## About this task
Write out again the lines from the line with "Invitation d'anniversaire Hollywood" up to and including the line with "MateeyLife elevated cat", exactly as they stand below, and skip any picture.

## Given data
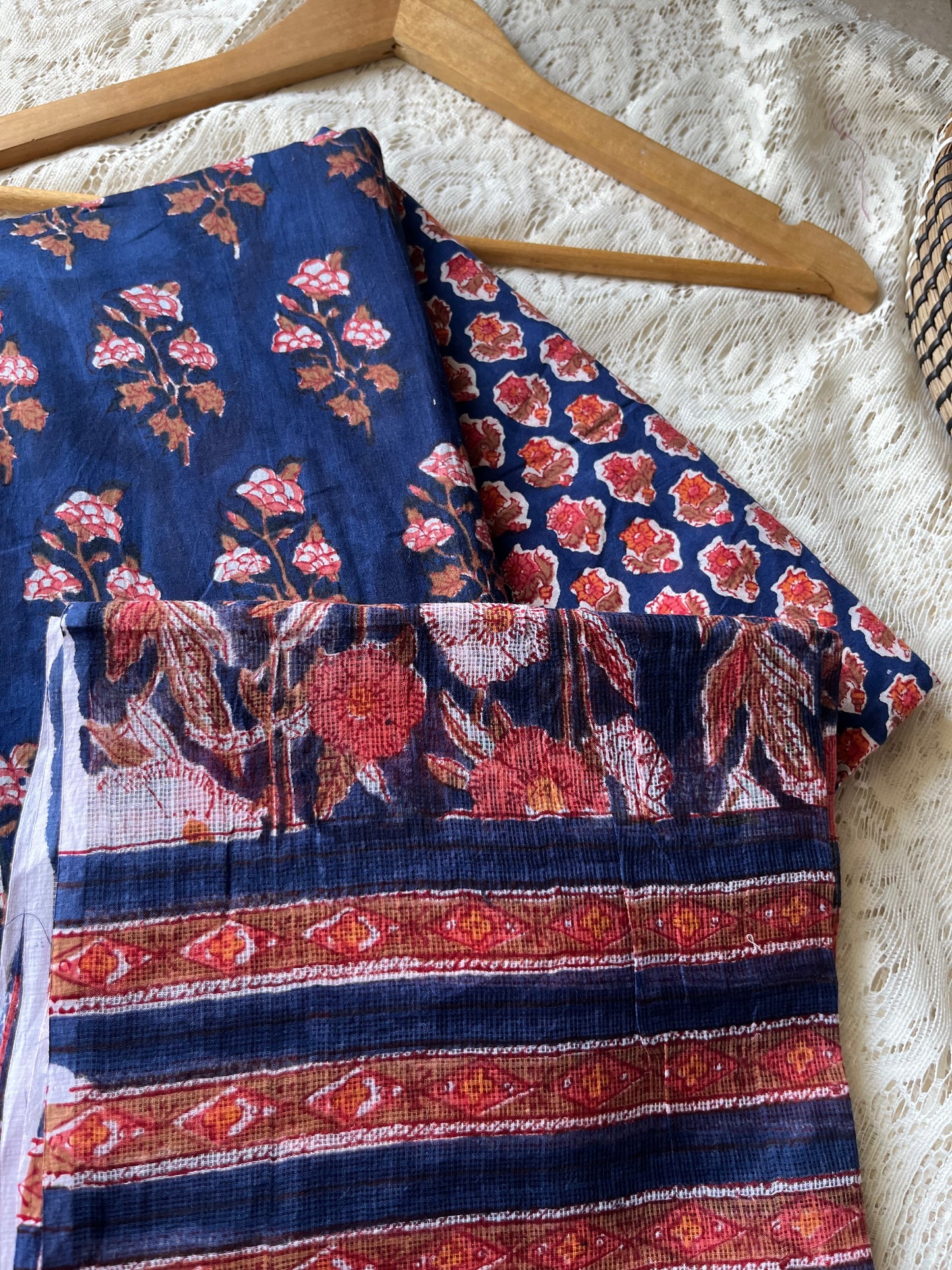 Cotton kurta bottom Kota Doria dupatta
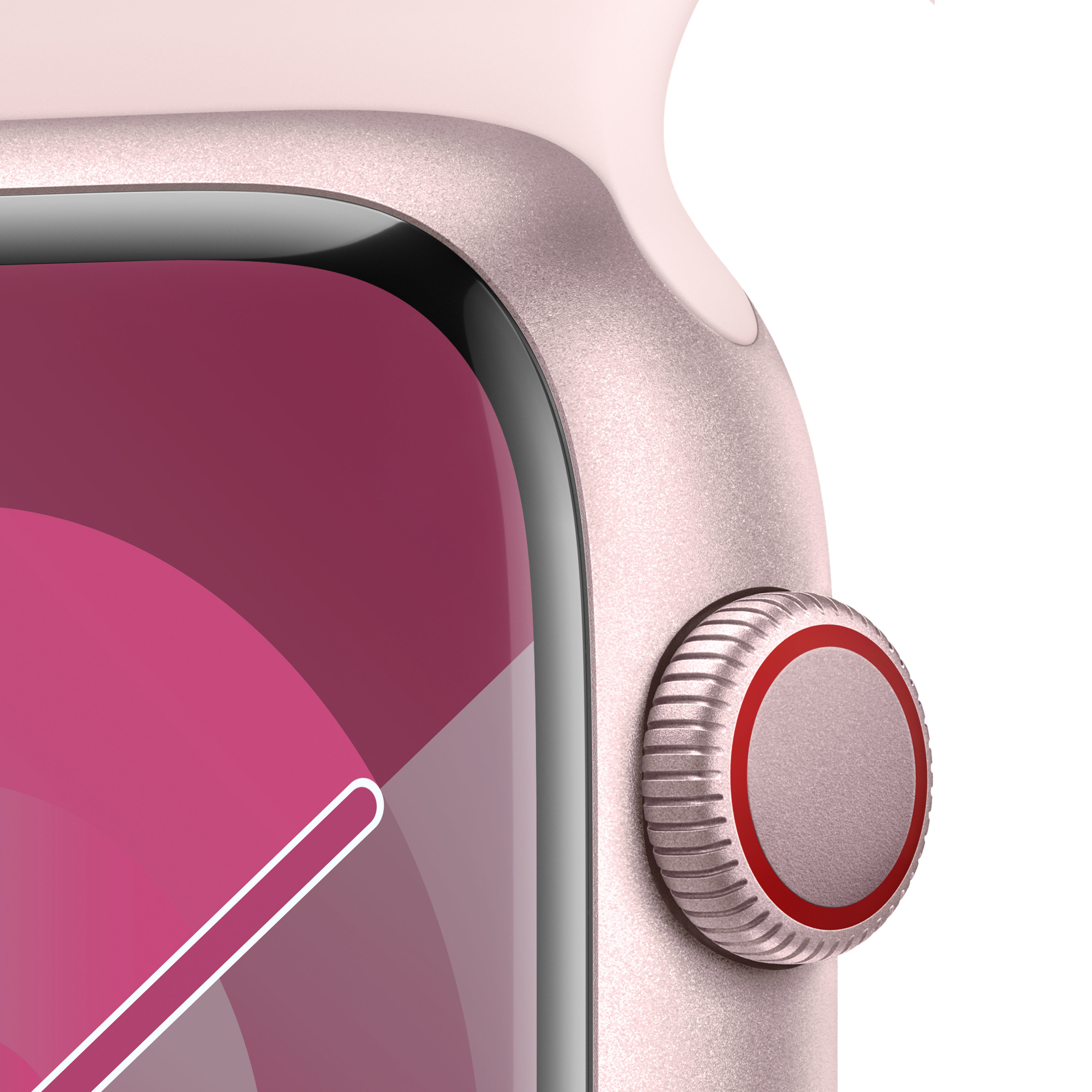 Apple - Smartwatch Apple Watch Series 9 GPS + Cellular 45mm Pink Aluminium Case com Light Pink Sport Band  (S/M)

---

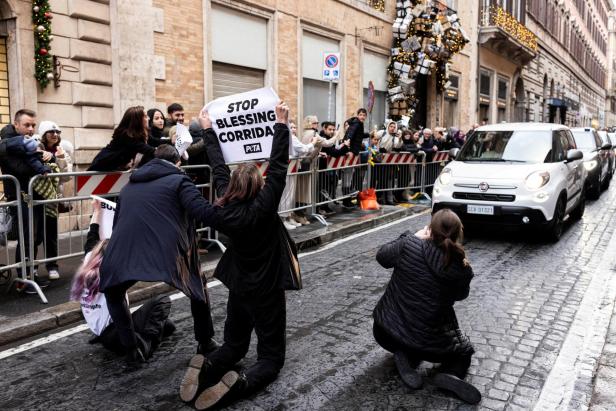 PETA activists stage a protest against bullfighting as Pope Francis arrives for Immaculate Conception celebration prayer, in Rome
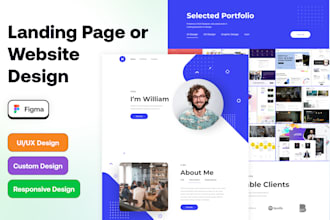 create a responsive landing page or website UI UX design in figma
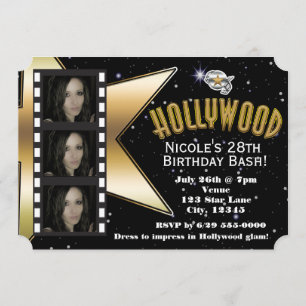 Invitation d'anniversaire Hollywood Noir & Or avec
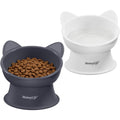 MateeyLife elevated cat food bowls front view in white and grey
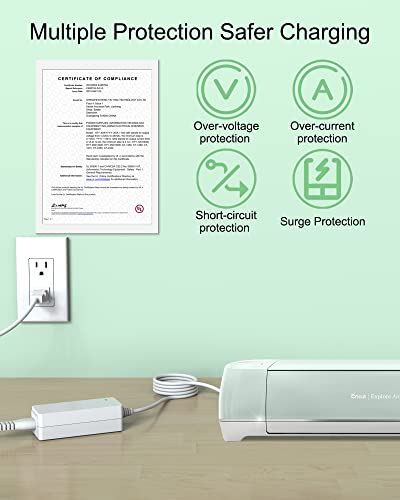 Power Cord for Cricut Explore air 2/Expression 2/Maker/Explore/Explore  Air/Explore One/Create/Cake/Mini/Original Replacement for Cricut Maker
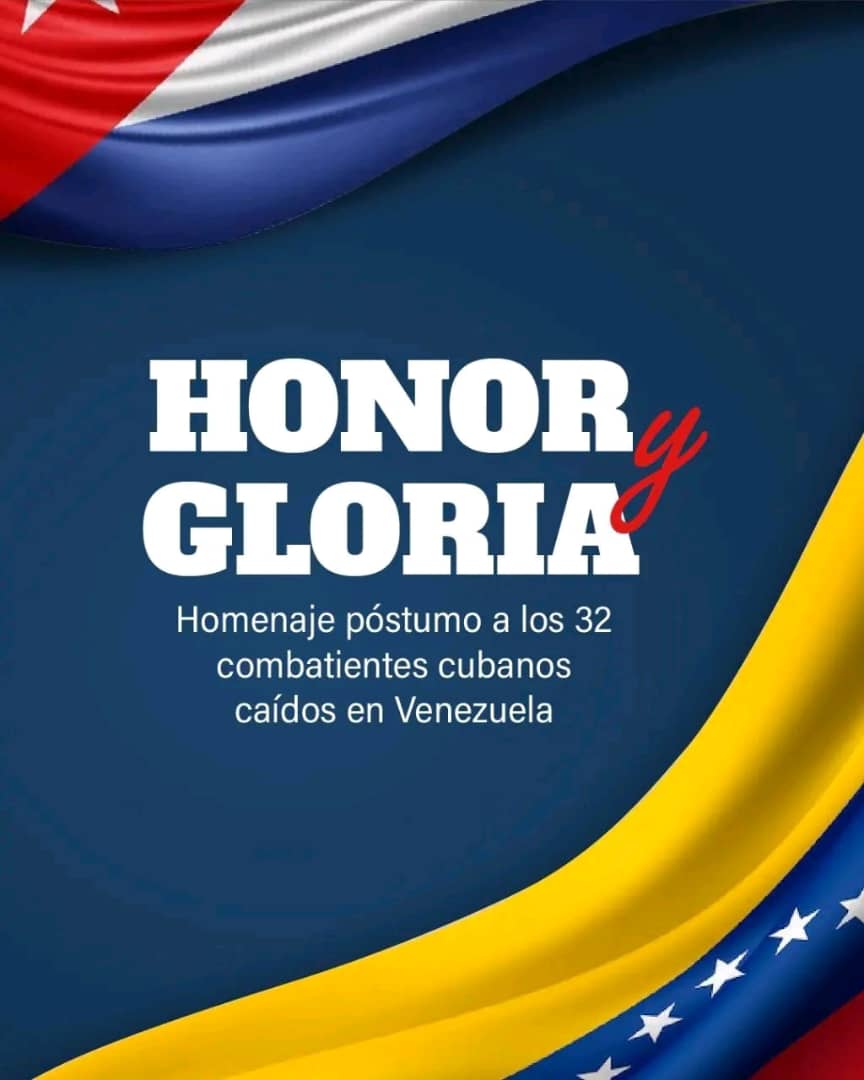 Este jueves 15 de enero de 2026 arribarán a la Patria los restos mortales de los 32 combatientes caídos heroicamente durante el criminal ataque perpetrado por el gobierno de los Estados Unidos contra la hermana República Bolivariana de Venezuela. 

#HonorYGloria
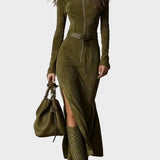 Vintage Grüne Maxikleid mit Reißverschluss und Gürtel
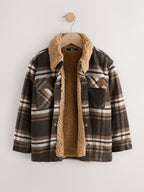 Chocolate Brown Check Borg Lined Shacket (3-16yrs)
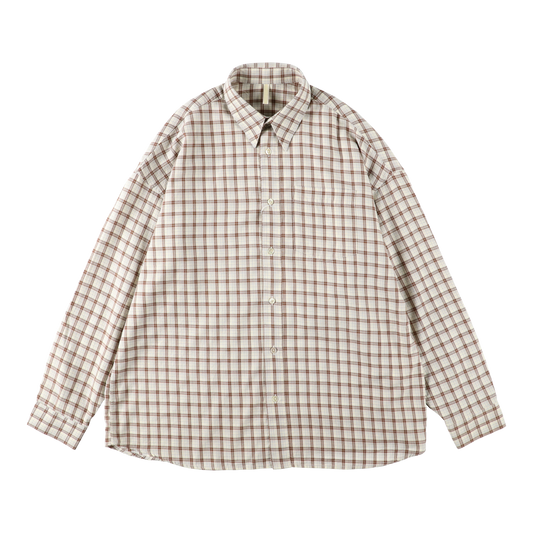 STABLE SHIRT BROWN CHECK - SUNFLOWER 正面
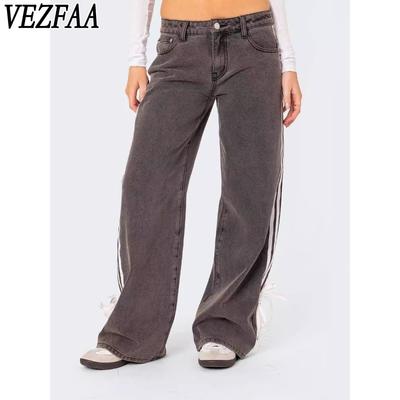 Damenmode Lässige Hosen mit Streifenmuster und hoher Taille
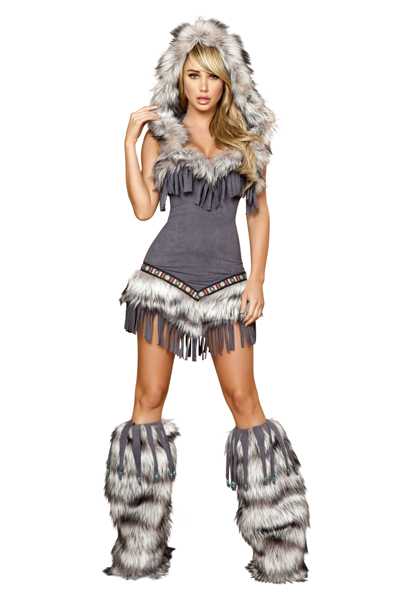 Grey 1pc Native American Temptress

## The completed task
 Invitation d'anniversaire Hollywood Noir & Or avec
 MateeyLife elevated cat food bowls front view in white and grey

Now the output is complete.